Insurance carriers need to be aware that adverse contractual terms and conditions in a policyholder—contractor/consultant professional services agreement (PSA) may drive costs higher. Carriers can mitigate this exposure by establishing early-response protocols at the onset of policy acquisition. These protocols can include notifying coordinating counsel of the loss that will trigger an emergency response team made up of pre-vetted professionals to handle the remediation efforts.
In instances where the policyholder has signed a PSA without experienced counsel, we often recommend that the policyholder replace the emergency response teams as soon as the release is contained. The policyholder then can contract with preferred vendors under terms that are more beneficial than the typical “boilerplate” language used by consultants.

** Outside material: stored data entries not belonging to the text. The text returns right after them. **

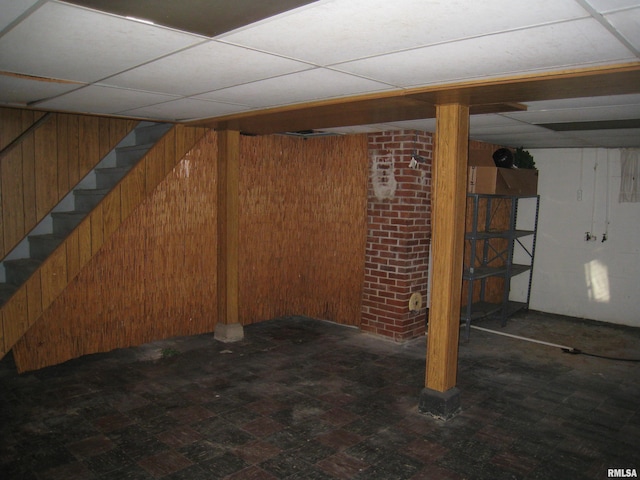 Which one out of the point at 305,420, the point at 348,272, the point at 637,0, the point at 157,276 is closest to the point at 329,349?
the point at 348,272

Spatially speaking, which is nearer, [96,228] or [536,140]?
[96,228]

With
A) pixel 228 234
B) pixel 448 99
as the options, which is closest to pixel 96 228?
pixel 228 234

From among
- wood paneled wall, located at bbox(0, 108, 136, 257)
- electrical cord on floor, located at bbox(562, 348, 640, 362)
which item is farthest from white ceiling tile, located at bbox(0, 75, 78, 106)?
electrical cord on floor, located at bbox(562, 348, 640, 362)

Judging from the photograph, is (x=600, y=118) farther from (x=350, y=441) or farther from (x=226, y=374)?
(x=226, y=374)

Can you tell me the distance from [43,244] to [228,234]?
1.68 m

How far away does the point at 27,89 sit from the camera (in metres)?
3.10

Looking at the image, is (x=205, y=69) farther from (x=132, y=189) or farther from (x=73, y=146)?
(x=73, y=146)

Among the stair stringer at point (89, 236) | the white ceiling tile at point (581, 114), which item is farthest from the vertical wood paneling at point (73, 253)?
the white ceiling tile at point (581, 114)

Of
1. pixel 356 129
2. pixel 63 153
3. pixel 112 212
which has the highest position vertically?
pixel 356 129

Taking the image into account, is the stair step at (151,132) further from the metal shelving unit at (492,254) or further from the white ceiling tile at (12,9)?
the metal shelving unit at (492,254)

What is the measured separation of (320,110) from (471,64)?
1.45m

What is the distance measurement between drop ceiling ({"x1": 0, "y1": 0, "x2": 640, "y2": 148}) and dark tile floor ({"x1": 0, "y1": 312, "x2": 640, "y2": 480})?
2225 millimetres

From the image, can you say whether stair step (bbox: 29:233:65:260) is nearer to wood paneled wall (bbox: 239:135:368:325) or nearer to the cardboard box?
wood paneled wall (bbox: 239:135:368:325)

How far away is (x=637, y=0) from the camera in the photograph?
148 cm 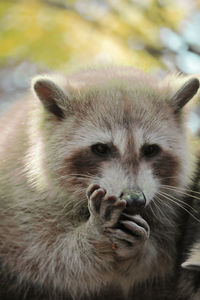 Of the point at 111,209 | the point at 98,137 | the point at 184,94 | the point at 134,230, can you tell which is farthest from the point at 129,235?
the point at 184,94

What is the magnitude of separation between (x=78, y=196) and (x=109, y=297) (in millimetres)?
1113

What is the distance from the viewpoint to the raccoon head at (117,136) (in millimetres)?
5129

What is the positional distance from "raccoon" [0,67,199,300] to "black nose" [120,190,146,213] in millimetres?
310

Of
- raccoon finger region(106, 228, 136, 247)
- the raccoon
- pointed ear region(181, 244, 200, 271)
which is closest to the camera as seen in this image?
pointed ear region(181, 244, 200, 271)

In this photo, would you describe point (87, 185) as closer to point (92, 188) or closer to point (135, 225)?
point (92, 188)

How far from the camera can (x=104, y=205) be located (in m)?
4.87

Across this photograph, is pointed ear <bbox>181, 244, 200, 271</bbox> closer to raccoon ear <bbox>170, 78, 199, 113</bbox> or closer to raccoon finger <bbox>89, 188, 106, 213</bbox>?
raccoon finger <bbox>89, 188, 106, 213</bbox>

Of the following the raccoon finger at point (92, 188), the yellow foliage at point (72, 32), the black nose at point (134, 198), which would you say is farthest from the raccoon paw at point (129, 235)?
the yellow foliage at point (72, 32)

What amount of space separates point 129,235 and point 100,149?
767 mm

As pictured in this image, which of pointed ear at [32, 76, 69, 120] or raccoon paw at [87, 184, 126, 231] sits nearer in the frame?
raccoon paw at [87, 184, 126, 231]

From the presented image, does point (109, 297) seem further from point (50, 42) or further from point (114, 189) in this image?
point (50, 42)

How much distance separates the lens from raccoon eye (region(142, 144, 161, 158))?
526 centimetres

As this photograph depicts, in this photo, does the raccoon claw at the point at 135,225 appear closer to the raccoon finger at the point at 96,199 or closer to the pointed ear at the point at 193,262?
the raccoon finger at the point at 96,199

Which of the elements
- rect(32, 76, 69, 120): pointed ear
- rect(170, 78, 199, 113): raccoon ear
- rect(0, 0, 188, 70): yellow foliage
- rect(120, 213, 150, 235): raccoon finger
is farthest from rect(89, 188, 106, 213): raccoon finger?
rect(0, 0, 188, 70): yellow foliage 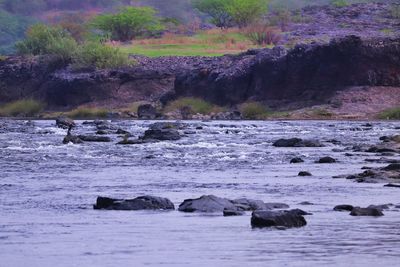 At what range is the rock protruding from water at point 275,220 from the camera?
21.1 m

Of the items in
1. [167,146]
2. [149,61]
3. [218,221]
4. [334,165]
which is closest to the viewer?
[218,221]

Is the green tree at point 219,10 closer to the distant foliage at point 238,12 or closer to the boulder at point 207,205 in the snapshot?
the distant foliage at point 238,12

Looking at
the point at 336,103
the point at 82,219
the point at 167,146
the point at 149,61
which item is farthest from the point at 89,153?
the point at 149,61

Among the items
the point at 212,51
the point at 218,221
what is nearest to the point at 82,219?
the point at 218,221

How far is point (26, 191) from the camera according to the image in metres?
28.3

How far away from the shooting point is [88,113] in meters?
101

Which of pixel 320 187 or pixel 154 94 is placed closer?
pixel 320 187

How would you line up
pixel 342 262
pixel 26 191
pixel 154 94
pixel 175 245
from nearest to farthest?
pixel 342 262, pixel 175 245, pixel 26 191, pixel 154 94

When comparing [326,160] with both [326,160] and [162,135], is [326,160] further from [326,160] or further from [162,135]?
[162,135]

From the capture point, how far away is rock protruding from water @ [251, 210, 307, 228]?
21094 millimetres

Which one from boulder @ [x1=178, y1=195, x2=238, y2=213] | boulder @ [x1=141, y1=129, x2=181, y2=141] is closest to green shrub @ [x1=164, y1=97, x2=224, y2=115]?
boulder @ [x1=141, y1=129, x2=181, y2=141]

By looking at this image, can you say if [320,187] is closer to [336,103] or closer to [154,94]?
[336,103]

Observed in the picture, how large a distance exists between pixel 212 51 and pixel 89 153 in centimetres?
7962

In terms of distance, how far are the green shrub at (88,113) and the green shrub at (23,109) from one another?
383 cm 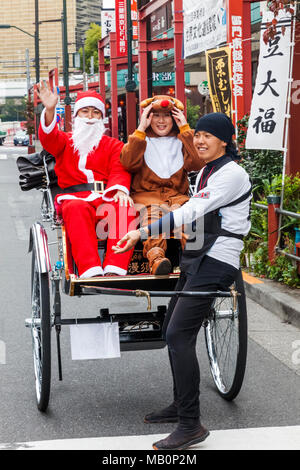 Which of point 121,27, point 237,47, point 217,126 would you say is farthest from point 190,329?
point 121,27

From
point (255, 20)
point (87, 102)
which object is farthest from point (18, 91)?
point (87, 102)

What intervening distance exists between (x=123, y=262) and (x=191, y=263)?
751mm

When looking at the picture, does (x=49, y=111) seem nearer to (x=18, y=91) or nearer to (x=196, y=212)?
(x=196, y=212)

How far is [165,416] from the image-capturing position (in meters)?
4.30

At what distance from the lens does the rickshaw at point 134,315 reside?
431 centimetres

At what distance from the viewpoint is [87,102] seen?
213 inches

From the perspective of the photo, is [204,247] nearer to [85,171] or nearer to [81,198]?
[81,198]

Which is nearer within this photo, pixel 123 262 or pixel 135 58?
pixel 123 262

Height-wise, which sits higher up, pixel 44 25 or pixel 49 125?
pixel 44 25

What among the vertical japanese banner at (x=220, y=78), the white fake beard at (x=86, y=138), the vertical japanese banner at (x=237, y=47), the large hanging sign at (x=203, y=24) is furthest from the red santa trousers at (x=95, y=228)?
the large hanging sign at (x=203, y=24)

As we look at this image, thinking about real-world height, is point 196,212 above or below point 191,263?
above

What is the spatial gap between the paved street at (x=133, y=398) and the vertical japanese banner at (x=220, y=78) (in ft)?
20.0

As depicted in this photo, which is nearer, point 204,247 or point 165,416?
point 204,247

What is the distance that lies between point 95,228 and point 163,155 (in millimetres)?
693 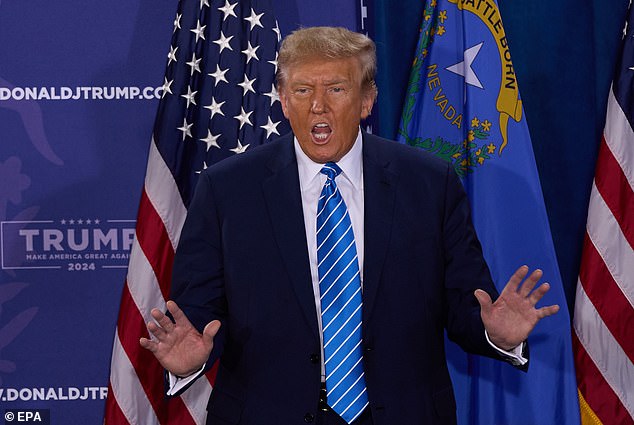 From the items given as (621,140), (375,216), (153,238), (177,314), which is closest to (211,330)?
(177,314)

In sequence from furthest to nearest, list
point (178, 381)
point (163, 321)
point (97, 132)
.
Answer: point (97, 132) → point (178, 381) → point (163, 321)

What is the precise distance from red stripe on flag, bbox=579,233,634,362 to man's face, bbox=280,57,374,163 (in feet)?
4.97

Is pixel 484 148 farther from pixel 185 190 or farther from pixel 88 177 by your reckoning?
pixel 88 177

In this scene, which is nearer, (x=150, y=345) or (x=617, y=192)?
(x=150, y=345)

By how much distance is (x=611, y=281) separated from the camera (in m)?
3.29

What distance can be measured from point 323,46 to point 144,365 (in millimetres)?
1682

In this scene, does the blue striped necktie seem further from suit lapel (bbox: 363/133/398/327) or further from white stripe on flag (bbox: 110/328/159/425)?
white stripe on flag (bbox: 110/328/159/425)

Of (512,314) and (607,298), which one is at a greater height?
(512,314)

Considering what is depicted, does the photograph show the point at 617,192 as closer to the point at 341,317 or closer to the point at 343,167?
the point at 343,167

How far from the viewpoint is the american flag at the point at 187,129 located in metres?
3.23

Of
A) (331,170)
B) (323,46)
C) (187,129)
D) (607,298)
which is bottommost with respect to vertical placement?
(607,298)

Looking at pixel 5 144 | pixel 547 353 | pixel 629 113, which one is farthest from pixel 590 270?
pixel 5 144

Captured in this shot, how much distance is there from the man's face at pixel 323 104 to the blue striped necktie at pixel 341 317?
22 centimetres

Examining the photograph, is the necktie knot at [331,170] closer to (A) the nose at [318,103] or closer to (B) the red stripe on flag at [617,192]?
(A) the nose at [318,103] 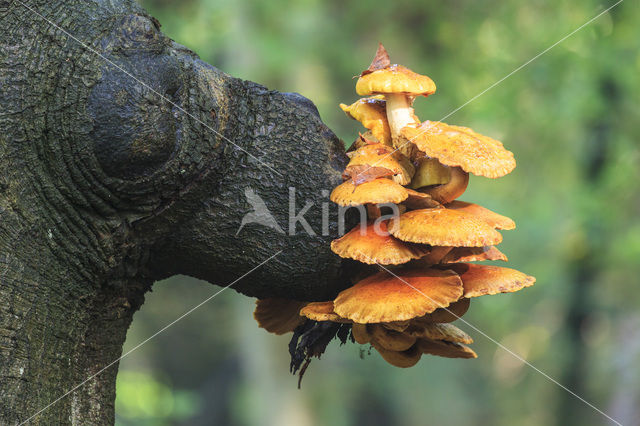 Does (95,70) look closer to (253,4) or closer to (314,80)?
(253,4)

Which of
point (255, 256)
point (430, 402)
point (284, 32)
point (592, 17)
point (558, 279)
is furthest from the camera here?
point (430, 402)

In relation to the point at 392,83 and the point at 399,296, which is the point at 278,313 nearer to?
the point at 399,296

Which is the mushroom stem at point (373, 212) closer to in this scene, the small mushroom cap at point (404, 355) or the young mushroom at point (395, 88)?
the young mushroom at point (395, 88)

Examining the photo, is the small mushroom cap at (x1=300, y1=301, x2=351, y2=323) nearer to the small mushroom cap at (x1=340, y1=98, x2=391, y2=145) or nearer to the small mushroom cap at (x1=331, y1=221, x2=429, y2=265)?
the small mushroom cap at (x1=331, y1=221, x2=429, y2=265)

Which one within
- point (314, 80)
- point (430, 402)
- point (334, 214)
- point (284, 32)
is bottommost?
point (334, 214)

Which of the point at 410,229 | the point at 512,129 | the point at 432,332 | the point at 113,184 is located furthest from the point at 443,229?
the point at 512,129

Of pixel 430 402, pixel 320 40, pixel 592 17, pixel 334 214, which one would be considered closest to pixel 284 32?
pixel 320 40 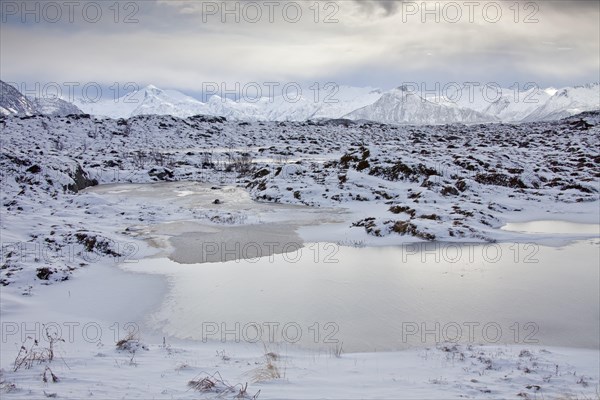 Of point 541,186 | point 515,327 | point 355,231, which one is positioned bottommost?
point 515,327

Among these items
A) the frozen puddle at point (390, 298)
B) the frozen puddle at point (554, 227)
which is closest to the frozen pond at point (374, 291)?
the frozen puddle at point (390, 298)

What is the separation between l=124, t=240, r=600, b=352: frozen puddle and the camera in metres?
7.22

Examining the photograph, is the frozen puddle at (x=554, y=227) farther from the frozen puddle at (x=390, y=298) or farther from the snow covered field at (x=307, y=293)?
the frozen puddle at (x=390, y=298)

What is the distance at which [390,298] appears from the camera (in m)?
8.84

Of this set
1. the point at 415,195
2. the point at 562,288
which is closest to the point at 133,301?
the point at 562,288

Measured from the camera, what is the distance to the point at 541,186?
2319cm

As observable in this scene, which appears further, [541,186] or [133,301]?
[541,186]

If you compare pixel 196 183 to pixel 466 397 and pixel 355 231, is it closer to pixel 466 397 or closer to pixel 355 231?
pixel 355 231

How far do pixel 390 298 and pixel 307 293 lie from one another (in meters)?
1.73

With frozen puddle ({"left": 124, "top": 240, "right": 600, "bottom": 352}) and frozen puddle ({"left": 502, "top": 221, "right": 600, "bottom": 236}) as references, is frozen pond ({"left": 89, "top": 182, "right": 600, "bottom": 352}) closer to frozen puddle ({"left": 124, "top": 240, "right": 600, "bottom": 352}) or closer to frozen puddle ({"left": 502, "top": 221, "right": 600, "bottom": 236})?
frozen puddle ({"left": 124, "top": 240, "right": 600, "bottom": 352})

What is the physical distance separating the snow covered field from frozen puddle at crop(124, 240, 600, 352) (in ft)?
0.14

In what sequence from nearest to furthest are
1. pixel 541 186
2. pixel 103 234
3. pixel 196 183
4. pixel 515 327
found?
pixel 515 327 → pixel 103 234 → pixel 541 186 → pixel 196 183

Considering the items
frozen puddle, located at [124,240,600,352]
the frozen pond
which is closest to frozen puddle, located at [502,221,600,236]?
the frozen pond

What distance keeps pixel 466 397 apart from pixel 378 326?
2889mm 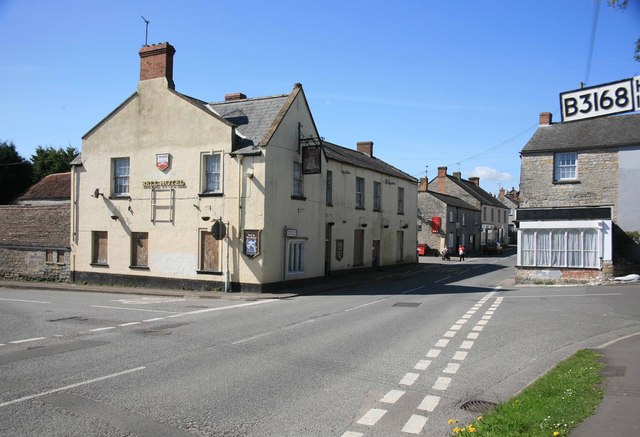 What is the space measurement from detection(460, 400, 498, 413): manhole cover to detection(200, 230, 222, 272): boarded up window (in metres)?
16.3

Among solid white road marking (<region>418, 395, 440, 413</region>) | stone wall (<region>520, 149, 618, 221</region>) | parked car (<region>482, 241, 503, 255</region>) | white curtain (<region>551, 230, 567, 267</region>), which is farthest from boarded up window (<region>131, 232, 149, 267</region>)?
parked car (<region>482, 241, 503, 255</region>)

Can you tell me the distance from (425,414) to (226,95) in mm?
23026

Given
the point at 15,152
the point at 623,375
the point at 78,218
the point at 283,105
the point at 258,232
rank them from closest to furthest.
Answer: the point at 623,375, the point at 258,232, the point at 283,105, the point at 78,218, the point at 15,152

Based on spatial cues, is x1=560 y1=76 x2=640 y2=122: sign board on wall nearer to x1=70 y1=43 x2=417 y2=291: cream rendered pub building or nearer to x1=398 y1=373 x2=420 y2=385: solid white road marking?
x1=398 y1=373 x2=420 y2=385: solid white road marking

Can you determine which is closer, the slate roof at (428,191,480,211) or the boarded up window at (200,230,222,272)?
the boarded up window at (200,230,222,272)

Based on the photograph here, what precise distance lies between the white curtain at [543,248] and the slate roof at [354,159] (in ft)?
34.9

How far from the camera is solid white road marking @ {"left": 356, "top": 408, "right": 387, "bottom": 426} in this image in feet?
20.3

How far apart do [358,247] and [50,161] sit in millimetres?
37286

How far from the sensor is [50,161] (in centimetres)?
5266

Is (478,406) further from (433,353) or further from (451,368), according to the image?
(433,353)

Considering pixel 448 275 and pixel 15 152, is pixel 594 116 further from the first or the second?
pixel 15 152

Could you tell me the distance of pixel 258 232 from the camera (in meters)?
21.1

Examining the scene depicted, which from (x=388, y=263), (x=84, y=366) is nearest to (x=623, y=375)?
(x=84, y=366)

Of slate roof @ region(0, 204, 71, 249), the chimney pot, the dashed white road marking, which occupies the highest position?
the chimney pot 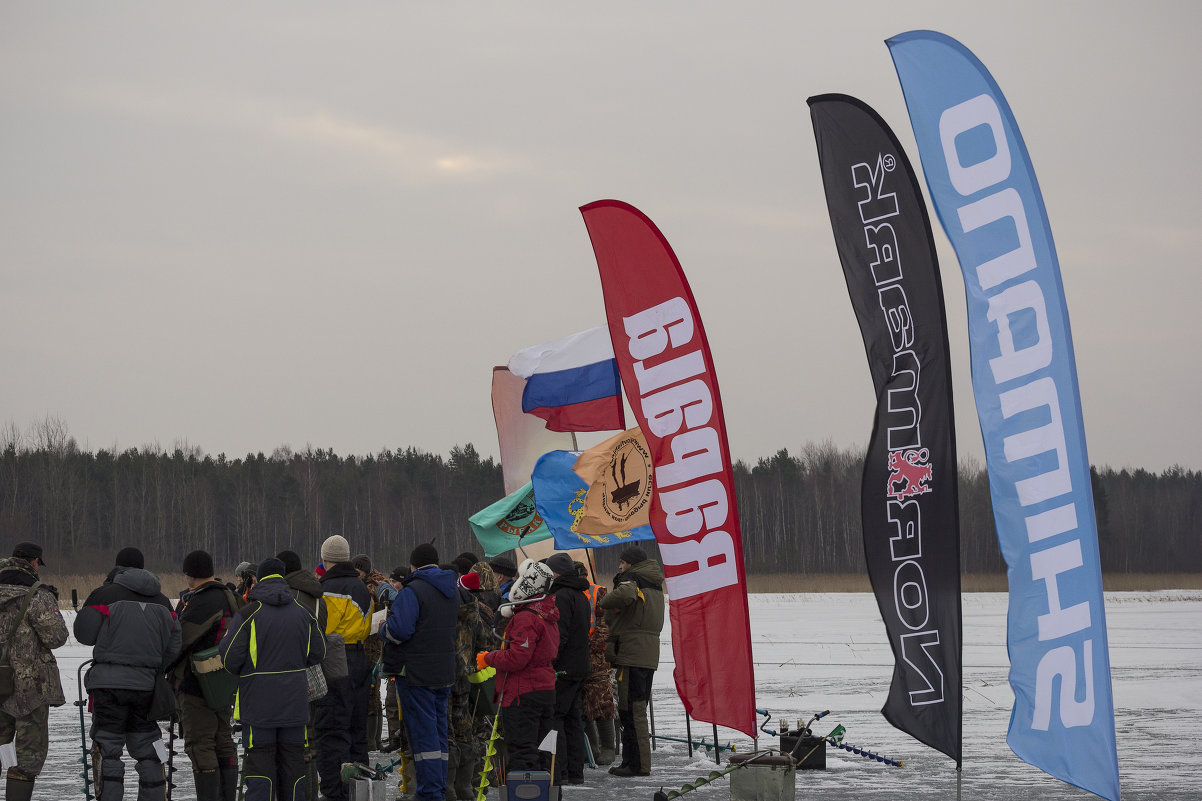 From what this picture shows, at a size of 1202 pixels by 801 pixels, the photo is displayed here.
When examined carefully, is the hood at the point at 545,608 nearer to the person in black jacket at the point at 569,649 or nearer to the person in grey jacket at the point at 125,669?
the person in black jacket at the point at 569,649

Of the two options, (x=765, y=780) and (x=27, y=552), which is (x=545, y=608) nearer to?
(x=765, y=780)

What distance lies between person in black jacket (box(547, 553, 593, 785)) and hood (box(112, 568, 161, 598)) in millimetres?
2912

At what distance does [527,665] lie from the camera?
864 centimetres

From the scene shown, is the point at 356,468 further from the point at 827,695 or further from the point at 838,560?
the point at 827,695

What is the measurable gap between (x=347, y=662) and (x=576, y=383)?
521 cm

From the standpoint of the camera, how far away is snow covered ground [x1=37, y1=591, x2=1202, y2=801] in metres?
9.52

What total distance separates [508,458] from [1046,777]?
8670 mm

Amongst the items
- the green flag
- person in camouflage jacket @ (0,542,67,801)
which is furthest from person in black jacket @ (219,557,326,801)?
the green flag

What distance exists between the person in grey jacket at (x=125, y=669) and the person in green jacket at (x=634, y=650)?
3974 mm

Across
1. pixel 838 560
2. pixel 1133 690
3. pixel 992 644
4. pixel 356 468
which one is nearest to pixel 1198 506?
pixel 838 560

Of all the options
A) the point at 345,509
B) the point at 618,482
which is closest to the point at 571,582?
the point at 618,482

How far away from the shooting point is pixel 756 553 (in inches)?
3145

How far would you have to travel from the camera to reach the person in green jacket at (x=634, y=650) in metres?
10.3

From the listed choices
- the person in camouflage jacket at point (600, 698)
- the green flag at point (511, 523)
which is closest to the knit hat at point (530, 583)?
the person in camouflage jacket at point (600, 698) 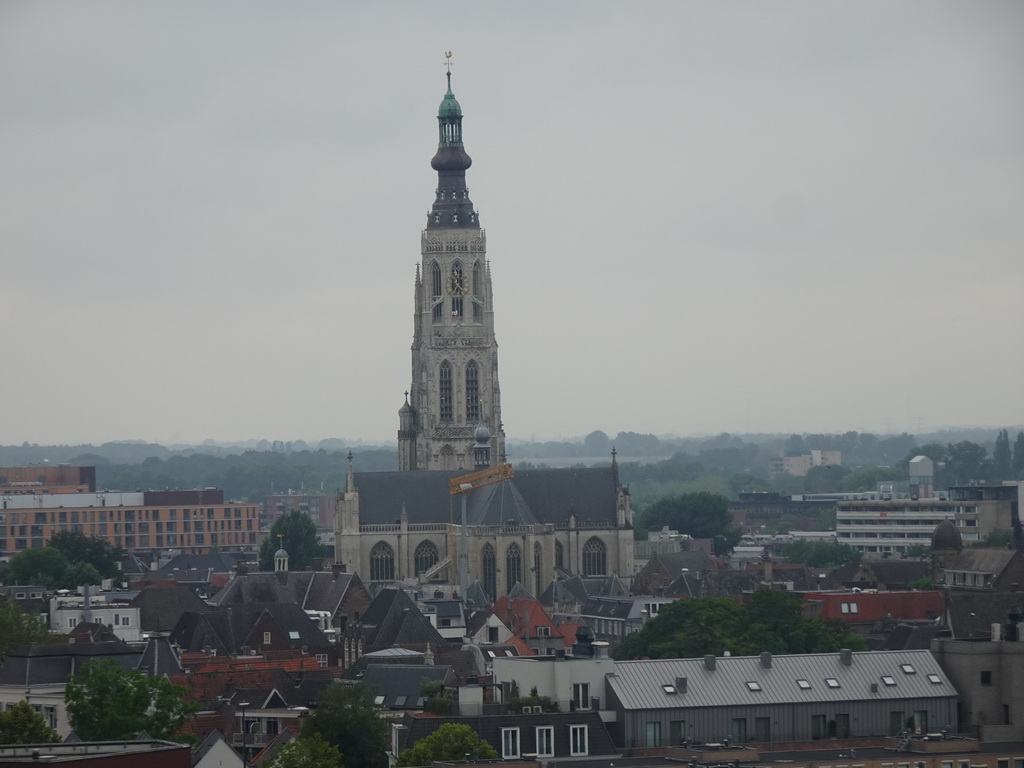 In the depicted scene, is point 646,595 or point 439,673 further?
point 646,595

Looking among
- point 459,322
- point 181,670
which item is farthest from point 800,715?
point 459,322

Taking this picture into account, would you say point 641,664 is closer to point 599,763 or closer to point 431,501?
point 599,763

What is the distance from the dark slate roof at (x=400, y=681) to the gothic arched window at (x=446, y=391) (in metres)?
94.8

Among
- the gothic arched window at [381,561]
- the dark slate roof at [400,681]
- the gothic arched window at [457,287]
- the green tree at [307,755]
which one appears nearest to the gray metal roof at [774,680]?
the green tree at [307,755]

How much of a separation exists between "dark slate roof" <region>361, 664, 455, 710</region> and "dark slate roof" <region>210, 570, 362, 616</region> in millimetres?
46313

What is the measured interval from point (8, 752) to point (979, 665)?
28.8 m

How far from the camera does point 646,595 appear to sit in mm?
161375

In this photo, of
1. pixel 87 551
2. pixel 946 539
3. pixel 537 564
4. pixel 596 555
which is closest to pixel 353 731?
pixel 946 539

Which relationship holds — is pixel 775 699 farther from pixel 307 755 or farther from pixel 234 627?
pixel 234 627

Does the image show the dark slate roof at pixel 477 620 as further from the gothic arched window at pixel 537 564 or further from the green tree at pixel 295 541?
the green tree at pixel 295 541

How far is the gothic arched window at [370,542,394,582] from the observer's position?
176 meters

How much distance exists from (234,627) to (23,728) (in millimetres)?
44723

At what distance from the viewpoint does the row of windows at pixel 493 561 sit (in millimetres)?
171250

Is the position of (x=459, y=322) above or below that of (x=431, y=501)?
above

This has the added benefit of allowing the work to proceed under an approved budget, with a work plan that is vetted by the claims professional and environmental counsel. We believe this process helps control financial risk. In addition, the coordinating team can assist in acting as a common point of contact, potentially preventing employees from giving inaccurate information or making adverse statements without appropriate guidance.
Another issue that may arise is access to private property, which might best be done under a site-access agreement. The location of the release is critical, particularly if it is to “Waters of the U.S.” Environmental counsel can assist in assessing whether the release is to a WOTUS and advise the policyholder on a recommended course of conduct.
Releases of production water present unique problems. A coordinated strategy can help identify cost effective remedial options and properly navigate a claim to closure.